Starting at the line that holds "Black Wide Leg Trousers - Hustle N Holla" and stopping at the line that holds "CUSTOM PRINTED : STICKER", restate the records below word for word, with both of those lines included.

RECORDS FOR THIS TASK section start

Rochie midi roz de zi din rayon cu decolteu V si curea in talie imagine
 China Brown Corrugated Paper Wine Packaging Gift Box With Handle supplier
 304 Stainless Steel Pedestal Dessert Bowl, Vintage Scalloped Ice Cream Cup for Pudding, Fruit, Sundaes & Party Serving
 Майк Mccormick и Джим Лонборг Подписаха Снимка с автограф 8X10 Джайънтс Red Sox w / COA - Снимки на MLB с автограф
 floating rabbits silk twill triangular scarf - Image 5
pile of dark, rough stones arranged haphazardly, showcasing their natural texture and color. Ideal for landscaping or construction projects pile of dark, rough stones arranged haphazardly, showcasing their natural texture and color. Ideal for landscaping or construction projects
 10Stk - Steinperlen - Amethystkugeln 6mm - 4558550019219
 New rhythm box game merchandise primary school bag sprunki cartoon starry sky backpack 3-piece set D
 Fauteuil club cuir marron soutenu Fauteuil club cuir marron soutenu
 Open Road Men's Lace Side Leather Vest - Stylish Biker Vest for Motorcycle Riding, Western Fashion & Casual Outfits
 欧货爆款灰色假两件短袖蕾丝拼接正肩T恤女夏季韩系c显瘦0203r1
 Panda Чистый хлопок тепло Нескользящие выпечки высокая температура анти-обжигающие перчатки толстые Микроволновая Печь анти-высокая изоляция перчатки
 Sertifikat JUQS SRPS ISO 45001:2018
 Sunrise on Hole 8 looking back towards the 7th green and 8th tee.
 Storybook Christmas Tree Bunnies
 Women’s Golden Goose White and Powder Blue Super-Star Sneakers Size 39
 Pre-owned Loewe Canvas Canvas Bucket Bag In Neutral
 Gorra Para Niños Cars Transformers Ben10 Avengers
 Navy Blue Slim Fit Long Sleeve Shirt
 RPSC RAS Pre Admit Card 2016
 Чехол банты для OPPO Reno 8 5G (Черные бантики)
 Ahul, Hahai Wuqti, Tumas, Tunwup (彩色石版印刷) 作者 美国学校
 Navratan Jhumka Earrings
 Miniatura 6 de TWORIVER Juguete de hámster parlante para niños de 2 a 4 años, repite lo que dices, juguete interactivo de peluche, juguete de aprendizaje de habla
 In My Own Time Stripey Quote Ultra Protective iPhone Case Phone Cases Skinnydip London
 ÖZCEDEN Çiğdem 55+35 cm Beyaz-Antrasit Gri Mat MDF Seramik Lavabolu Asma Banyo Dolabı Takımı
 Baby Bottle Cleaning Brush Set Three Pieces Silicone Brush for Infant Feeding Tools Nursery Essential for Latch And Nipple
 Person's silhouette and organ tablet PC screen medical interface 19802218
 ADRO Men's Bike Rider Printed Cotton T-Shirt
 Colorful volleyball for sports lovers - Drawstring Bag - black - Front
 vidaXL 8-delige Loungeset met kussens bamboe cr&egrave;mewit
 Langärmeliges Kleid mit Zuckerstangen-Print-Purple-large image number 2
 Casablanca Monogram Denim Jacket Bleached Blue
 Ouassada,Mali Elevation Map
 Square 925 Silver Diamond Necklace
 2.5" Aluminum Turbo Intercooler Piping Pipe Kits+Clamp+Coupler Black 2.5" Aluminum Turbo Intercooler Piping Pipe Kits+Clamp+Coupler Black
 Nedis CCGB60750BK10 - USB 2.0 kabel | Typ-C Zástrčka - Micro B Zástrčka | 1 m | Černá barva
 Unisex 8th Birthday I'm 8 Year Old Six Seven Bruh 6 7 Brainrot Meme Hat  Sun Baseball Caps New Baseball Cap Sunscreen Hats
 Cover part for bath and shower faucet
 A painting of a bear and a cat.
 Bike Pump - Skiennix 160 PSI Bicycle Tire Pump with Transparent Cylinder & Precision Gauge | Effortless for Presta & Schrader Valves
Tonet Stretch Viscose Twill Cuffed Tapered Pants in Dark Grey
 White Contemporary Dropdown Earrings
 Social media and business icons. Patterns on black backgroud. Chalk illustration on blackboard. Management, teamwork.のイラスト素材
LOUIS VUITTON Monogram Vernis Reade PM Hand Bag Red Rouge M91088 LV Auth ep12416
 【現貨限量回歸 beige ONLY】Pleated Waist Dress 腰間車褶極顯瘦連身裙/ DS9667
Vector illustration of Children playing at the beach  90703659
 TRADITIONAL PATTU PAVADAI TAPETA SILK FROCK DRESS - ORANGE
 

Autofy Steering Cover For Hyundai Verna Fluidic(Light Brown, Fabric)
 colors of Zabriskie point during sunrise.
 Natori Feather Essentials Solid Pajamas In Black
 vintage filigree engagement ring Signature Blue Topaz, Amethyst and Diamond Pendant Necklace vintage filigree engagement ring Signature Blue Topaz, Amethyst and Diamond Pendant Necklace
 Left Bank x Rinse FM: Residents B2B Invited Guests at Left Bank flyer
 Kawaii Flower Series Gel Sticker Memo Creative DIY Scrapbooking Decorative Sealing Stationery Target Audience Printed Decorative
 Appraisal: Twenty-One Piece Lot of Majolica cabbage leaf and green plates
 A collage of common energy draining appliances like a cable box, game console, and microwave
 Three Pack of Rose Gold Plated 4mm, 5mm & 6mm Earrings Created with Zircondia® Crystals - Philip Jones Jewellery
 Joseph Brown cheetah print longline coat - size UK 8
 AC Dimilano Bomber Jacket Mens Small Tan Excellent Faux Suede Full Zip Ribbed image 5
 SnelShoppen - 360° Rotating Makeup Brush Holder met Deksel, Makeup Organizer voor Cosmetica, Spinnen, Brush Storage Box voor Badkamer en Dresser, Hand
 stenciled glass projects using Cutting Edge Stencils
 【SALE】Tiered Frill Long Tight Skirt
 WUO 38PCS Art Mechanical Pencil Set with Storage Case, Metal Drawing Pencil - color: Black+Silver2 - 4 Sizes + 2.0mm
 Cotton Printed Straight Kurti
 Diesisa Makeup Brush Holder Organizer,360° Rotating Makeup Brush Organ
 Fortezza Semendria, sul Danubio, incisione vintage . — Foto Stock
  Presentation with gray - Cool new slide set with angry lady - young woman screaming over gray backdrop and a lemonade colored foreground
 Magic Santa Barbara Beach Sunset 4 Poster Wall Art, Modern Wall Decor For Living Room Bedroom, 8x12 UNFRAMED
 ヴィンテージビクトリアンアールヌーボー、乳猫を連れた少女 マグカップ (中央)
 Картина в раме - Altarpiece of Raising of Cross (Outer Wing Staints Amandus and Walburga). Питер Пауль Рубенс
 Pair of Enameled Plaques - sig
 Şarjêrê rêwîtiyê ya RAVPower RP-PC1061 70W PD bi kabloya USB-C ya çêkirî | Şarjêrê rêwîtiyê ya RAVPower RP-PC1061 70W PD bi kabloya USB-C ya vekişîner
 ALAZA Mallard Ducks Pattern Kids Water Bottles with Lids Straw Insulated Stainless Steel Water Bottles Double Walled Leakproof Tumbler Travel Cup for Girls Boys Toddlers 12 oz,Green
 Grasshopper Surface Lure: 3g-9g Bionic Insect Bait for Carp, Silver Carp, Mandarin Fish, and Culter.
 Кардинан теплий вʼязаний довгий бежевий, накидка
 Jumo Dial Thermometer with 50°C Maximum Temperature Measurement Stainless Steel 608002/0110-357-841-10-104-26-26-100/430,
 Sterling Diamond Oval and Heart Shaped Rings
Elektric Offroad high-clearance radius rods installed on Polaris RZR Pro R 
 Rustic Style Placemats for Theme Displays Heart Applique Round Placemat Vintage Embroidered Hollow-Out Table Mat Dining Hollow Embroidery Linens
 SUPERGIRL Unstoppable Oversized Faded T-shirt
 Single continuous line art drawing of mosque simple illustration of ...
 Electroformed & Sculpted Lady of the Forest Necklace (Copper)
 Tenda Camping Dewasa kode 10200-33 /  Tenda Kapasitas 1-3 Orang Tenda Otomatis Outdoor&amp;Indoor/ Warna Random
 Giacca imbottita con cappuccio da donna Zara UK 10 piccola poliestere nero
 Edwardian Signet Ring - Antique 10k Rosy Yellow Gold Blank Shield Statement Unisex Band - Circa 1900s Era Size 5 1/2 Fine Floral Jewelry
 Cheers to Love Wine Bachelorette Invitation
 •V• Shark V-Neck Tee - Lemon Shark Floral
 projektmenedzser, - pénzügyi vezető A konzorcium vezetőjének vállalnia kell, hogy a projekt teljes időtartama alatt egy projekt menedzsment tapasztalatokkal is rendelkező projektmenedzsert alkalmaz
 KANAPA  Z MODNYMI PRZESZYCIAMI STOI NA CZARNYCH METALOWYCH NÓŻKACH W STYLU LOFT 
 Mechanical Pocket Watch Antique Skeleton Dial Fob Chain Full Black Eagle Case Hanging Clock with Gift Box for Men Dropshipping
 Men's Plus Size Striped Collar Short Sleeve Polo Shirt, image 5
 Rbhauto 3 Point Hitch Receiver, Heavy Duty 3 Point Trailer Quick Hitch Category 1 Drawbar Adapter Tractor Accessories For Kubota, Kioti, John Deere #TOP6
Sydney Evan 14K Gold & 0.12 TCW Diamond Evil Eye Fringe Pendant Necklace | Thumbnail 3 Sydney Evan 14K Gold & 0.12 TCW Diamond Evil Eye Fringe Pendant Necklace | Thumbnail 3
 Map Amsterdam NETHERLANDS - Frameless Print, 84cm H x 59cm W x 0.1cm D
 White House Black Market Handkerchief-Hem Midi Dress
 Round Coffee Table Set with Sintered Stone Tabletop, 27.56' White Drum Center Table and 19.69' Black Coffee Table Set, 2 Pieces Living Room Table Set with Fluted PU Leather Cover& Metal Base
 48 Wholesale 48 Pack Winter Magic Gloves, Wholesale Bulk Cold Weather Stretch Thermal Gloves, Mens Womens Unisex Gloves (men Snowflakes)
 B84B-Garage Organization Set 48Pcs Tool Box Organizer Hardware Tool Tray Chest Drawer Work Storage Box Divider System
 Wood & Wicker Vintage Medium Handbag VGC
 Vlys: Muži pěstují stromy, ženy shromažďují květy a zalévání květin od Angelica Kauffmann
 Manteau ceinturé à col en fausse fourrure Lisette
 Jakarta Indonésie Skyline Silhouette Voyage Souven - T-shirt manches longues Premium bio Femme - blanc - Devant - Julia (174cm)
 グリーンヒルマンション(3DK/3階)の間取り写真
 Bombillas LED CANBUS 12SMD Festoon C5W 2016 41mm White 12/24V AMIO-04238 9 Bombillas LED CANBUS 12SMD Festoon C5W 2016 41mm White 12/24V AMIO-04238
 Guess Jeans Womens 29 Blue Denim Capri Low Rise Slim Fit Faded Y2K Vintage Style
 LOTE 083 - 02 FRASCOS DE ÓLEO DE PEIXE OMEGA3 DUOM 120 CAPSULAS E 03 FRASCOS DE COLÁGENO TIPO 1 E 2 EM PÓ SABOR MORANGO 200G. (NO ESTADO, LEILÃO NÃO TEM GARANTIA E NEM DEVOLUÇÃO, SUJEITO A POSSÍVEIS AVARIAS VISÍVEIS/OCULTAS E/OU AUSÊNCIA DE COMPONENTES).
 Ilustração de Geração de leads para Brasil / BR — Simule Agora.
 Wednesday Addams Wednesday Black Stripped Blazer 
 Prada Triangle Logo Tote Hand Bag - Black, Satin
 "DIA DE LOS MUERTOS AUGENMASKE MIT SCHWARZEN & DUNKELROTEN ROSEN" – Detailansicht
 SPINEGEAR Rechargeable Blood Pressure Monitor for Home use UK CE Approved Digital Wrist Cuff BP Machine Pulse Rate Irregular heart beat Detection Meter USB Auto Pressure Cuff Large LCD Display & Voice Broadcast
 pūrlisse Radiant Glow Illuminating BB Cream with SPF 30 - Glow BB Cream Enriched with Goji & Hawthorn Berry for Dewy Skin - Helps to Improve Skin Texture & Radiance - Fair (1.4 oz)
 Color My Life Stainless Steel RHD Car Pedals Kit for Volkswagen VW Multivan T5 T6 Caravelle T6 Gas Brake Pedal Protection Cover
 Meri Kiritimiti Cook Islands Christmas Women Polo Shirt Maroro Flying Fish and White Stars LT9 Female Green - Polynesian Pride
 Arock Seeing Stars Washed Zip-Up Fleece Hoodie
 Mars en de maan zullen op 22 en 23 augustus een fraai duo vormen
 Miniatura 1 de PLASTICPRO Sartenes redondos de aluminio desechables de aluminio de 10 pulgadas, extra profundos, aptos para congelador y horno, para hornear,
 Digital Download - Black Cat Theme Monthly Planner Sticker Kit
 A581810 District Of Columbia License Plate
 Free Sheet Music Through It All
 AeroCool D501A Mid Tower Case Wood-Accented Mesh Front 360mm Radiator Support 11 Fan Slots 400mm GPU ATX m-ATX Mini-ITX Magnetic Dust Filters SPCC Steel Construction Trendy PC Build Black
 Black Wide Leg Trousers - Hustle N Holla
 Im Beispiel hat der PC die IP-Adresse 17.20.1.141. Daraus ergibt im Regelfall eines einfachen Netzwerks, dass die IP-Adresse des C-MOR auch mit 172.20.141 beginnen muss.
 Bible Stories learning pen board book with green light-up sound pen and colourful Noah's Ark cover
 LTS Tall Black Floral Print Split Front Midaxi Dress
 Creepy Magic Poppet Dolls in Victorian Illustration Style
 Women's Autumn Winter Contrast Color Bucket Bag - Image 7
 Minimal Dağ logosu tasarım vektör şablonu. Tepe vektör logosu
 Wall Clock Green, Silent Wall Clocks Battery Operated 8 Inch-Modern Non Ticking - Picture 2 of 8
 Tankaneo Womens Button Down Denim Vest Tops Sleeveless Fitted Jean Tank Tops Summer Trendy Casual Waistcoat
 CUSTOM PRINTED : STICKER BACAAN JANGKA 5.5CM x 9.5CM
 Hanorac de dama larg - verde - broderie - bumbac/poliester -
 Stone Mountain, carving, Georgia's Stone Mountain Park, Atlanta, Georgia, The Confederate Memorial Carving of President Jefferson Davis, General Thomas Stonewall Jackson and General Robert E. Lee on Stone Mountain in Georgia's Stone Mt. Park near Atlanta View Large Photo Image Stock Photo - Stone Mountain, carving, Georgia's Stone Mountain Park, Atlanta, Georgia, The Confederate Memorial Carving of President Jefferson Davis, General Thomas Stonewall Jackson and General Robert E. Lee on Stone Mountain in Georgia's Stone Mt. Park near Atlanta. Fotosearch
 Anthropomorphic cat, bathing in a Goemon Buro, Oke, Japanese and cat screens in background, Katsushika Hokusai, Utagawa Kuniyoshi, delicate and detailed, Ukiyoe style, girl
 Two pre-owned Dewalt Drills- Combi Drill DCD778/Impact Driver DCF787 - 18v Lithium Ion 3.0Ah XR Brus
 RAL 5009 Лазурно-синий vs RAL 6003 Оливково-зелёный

RECORDS FOR THIS TASK section end

- **RESULT FOR THIS TASK**
 Black Wide Leg Trousers - Hustle N Holla
 Im Beispiel hat der PC die IP-Adresse 17.20.1.141. Daraus ergibt im Regelfall eines einfachen Netzwerks, dass die IP-Adresse des C-MOR auch mit 172.20.141 beginnen muss.
 Bible Stories learning pen board book with green light-up sound pen and colourful Noah's Ark cover
 LTS Tall Black Floral Print Split Front Midaxi Dress
 Creepy Magic Poppet Dolls in Victorian Illustration Style
 Women's Autumn Winter Contrast Color Bucket Bag - Image 7
 Minimal Dağ logosu tasarım vektör şablonu. Tepe vektör logosu
 Wall Clock Green, Silent Wall Clocks Battery Operated 8 Inch-Modern Non Ticking - Picture 2 of 8
 Tankaneo Womens Button Down Denim Vest Tops Sleeveless Fitted Jean Tank Tops Summer Trendy Casual Waistcoat
 CUSTOM PRINTED : STICKER BACAAN JANGKA 5.5CM x 9.5CM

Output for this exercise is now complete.